- Trade advertisement
- Directed by: Alfred J. Goulding
- Produced by: Maurice J. Wilson
- Starring: Stanley Holloway June Clyde Fred Conyngham
- Music by: Percival Mackey
- Production company: British Screen Service
- Distributed by: British Screen Service
- Release date: November 1937;
- Running time: 79 minutes
- Country: United Kingdom
- Language: English

= Sam Small Leaves Town =

1937 film

Sam Small Leaves Town (also known as It's Sam Small Again), is a 1937 British comedy film directed by Alfred J. Goulding and starring Stanley Holloway, June Clyde and Fred Conyngham.
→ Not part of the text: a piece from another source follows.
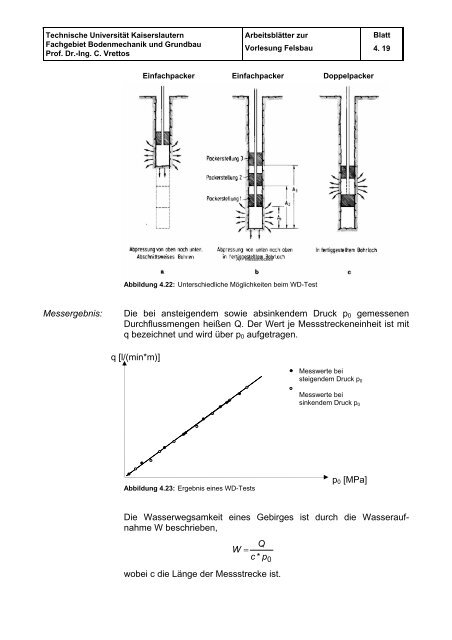 Felsbau - Vorlesung - Universität Kaiserslautern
It was made at Highbury Studios in London and released as a quota quickie by the independent British Screen Service. Location shooting took place in Skegness in Lincolnshire.

==Plot==
Well-known actor Richard Manning challenges his newspaper magnate friend Robert Harrison that he can vanish for a week, unable to be tracked down by Harrison's staff. Manning bribes Sam Small, a man about to take a job at a holiday camp, and, donning a disguise, takes his place. Two of the guests at the camp are Sally Elton and Harrison's reporter Jimmy Trent, who fall in love. Manning gets friendly with the couple, and when Jimmy is sacked for being more interested in Sally than his work, Manning makes sure that Jimmy gets the credit for his "capture".

==Cast==
- Stanley Holloway as Richard Manning
- June Clyde as Sally Elton
- Fred Conyngham as Jimmy West
- Harry Tate as camper
- Johnnie Schofield as Sam Small
- James Craven as Steve Watt
- Robert English as Robert Harrison

== Reception ==
The Monthly Film Bulletin wrote: "The film opens very slowly so that it is difficult to understand what it is all about. The best parts are in the gay sunny atmosphere of the holiday camp with singing, cycling, swimming and love-making. It has amusing moments but is not funny enough to be good throughout."

Kine Weekly wrote: "Cheery high-spirited romantic comedy, played against holiday camp backgrounds of showmanlike variety. The plot provides a sound vehicle for Stanley Holloway, without making too great a demand on the intelligence, and the star seizes each and every opportunity. Support is adequate, and so is the direction.